# [What you should do]
From the line with "Spacious basement bathroom" through the line with "Midsection of woman sitting outdoors", repeat the entries verbatim, both end lines included, and add nothing.

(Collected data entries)
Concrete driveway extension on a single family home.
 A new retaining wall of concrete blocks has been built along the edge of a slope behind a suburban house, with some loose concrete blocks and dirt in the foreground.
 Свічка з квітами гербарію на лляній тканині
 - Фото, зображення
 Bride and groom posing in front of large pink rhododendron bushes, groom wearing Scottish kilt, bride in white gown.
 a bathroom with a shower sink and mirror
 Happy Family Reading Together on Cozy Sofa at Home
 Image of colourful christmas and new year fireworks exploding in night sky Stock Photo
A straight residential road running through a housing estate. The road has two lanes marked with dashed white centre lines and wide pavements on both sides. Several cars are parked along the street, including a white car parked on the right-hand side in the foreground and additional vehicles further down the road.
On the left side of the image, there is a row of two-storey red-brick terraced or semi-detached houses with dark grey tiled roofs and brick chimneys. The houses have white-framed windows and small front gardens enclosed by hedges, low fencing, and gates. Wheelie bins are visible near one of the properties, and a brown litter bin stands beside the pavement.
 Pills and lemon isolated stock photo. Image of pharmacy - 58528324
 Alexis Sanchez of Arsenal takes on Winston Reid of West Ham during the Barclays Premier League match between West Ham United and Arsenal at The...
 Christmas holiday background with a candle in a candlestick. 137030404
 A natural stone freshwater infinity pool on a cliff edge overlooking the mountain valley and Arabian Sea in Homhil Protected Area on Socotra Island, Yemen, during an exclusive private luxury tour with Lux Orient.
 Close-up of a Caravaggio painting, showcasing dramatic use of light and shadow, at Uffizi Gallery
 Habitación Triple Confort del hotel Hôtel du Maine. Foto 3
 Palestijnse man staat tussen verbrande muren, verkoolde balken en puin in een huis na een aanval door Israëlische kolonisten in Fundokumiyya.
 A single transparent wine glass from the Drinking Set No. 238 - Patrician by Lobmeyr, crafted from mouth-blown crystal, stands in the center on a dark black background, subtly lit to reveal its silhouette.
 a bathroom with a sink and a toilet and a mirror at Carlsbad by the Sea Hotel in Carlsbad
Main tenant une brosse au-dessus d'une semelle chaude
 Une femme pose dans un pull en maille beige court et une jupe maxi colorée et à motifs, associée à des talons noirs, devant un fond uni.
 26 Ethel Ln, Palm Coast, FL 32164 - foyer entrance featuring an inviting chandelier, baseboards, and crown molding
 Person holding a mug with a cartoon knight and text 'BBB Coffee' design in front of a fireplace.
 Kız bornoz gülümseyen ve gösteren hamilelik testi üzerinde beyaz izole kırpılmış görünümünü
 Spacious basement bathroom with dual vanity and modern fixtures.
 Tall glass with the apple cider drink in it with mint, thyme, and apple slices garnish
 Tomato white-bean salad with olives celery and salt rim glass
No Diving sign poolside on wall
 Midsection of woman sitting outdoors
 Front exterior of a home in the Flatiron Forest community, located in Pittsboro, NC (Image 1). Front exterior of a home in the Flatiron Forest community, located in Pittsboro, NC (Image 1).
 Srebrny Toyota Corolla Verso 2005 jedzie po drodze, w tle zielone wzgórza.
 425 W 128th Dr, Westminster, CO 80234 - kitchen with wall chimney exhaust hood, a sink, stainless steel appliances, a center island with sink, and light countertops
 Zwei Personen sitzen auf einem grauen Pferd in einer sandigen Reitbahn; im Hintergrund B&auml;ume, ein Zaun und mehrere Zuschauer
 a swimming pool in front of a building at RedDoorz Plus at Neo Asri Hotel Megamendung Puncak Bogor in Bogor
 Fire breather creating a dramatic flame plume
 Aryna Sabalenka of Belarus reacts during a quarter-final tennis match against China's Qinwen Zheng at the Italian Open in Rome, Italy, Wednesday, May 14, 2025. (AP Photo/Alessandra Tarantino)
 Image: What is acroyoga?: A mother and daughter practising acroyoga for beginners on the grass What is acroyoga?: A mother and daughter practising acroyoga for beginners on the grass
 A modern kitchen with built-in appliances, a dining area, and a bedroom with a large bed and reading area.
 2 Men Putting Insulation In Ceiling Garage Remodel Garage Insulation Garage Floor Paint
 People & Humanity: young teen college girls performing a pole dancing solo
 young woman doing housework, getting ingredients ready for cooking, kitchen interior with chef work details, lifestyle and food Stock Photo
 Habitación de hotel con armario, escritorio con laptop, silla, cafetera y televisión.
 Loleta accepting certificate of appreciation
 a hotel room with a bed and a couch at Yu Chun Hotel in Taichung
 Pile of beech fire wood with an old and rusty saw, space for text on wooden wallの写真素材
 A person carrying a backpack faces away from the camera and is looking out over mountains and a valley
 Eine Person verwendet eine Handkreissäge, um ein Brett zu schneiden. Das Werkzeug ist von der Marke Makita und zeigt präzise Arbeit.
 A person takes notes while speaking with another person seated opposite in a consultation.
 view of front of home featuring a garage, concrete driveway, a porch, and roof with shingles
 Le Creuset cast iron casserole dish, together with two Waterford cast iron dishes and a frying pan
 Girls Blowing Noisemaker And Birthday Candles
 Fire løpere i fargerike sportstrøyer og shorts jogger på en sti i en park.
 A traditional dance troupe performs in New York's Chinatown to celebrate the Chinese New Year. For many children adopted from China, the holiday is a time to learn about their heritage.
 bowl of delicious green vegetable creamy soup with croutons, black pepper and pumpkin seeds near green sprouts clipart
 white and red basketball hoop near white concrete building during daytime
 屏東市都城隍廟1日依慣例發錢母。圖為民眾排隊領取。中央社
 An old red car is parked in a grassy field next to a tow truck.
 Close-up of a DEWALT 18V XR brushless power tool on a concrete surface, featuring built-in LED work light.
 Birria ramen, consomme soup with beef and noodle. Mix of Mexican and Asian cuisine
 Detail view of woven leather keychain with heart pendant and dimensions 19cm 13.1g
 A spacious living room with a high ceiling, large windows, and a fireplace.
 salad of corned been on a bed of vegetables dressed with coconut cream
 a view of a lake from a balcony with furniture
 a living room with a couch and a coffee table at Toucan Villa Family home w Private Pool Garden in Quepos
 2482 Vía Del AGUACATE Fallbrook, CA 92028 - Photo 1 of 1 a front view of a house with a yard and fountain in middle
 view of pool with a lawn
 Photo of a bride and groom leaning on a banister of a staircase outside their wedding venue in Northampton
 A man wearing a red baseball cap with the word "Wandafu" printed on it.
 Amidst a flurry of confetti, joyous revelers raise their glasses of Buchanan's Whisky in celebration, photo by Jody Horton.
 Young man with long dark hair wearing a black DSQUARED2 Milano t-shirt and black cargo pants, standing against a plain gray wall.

# [Exercise result]
 Spacious basement bathroom with dual vanity and modern fixtures.
 Tall glass with the apple cider drink in it with mint, thyme, and apple slices garnish
 Tomato white-bean salad with olives celery and salt rim glass
No Diving sign poolside on wall
 Midsection of woman sitting outdoors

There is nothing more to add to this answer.